The plaintiffs also assert that the trial court’s action in directing a verdict and then failing to set it aside was improper. Again, this claim is premised on their assertion that the trial court acted incorrectly in excluding the testimony of the proffered expert witness. We have already concluded that the trial court acted properly in excluding the testimony of the expert and that it did not abuse its discretion. Thus, in the face of the lack of expert testimony, the trial court properly directed a verdict in favor of the defendant. “A directed verdict, while disfavored, should be ordered whenever a jury could reach no other conclusion without speculation.” Williams v. Chameides, 26 Conn. App. 818, 822, 603 A.2d 1211, cert. denied, 221 Conn. 923, 608 A.2d 689 (1992). In reviewing the action of the trial court in directing and then in refusing to set aside the verdict, we consider the evidence in the light most favorable to the plaintiffs. Williams v. Chameides, supra, 822; Samose v. Hammer-Passero Norwalk Chiropractic Group, P.C., 24 Conn. App. 99, 102, 586 A.2d 614, cert. denied, 218 Conn. 903, 588 A.2d 1079 (1991).

In order for a plaintiff to prevail in an action seeking damages arising out of a claim of medical malpractice, the plaintiff must produce evidence supporting (1) the requisite standard of care, (2) evidence supporting a deviation from that standard, and (3) evidence of a causal relationship between the deviation and the claimed injury. Williams v. Chameides, supra, 26 Conn. *878App. 822; Hammer v. Mount Sinai Hospital, 25 Conn. App. 702, 717, 596 A.2d 1318, cert. denied, 220 Conn. 933, 599 A.2d 384 (1991); Samose v. Hammer-Passero Norwalk Chiropractic Group, P.C., 24 Conn. App. 102-103. It is necessary for the plaintiff to produce expert testimony to establish both the standard of care to which the defendant is to be held and a breach of that standard. Mather v. Griffin Hospital, 207 Conn. 125, 130-31, 540 A.2d 666 (1988); Williams v. Chameides, supra, 823. The plaintiffs failed to produce admissible expert testimony to support their burden of proof and the trial court properly directed a verdict in favor of the defendant and properly refused to set it aside.

The judgment is affirmed.

In this opinion the other judges concurred.

The plaintiffs are Sheila Rodriguez, who sought damages on the basis of claimed direct acts of malpractice committed against her, and her husband, Ronald Rodriguez, who sought damages based on his incurring medical expenses and other expenses on behalf of his wife and for loss of consortium.

Practice Book § 220 (D) provides in pertinent part: “[A]ny plaintiff expecting to call an expert witness at trial shall disclose the name of that expert, the subject matter on which the expert is expected to testify, the substance of the facts and opinions to which the expert is expected to testify, and a summary of the grounds for each opinion, to all other parties within 60 days from the date the case is claimed to a trial list.
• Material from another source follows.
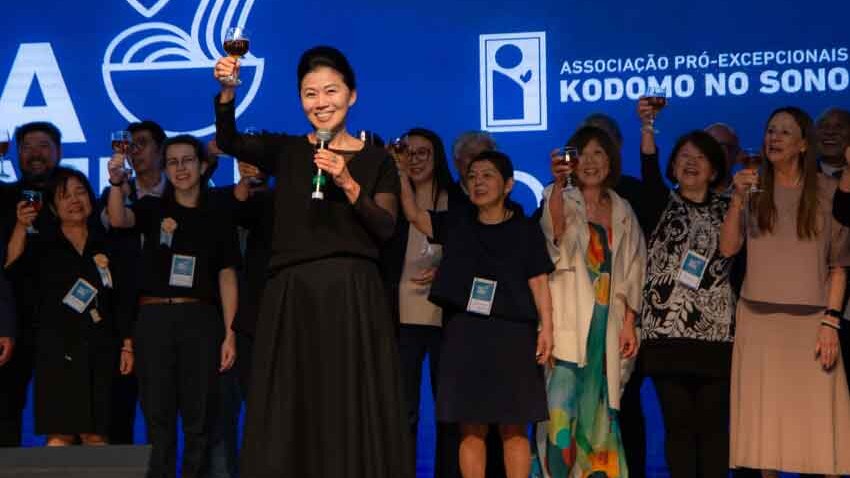 Ramen no Hi Kodomo no Sono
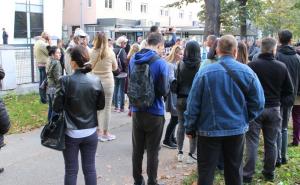 Sve teža situacija: Danas protesti sarajevskih privrednika i ugostitelja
Each defendant shall disclose the names of his or her experts in like manner within 120 *874days from the date the case is claimed to a trial list. If disclosure of the name of any expert expected to testify at trial is not made in accordance with this subsection, or if an expert witness who is expected to testify is retained or specially employed after that date, such expert shall not testify except in the discretion of the court for good cause shown.”

General Statutes § 52-184e provides in pertinent part: “(a) In any civil action to recover damages resulting from personal injury or wrongful death occurring on or after October 1,1987, in which it is alleged that such injury or death resulted from the negligence of a health care provider, as defined in section 52-184b, the claimant shall have the burden of proving by the preponderance of the evidence that the alleged actions of the health care provider represented a breach of the prevailing professional standard of care for that health care provider. The prevailing professional standard of care for a given health care provider shall be that level of care, skill and treatment which, in light of all relevant surrounding circumstances, is recognized as acceptable and appropriate by reasonably prudent similar health care providers.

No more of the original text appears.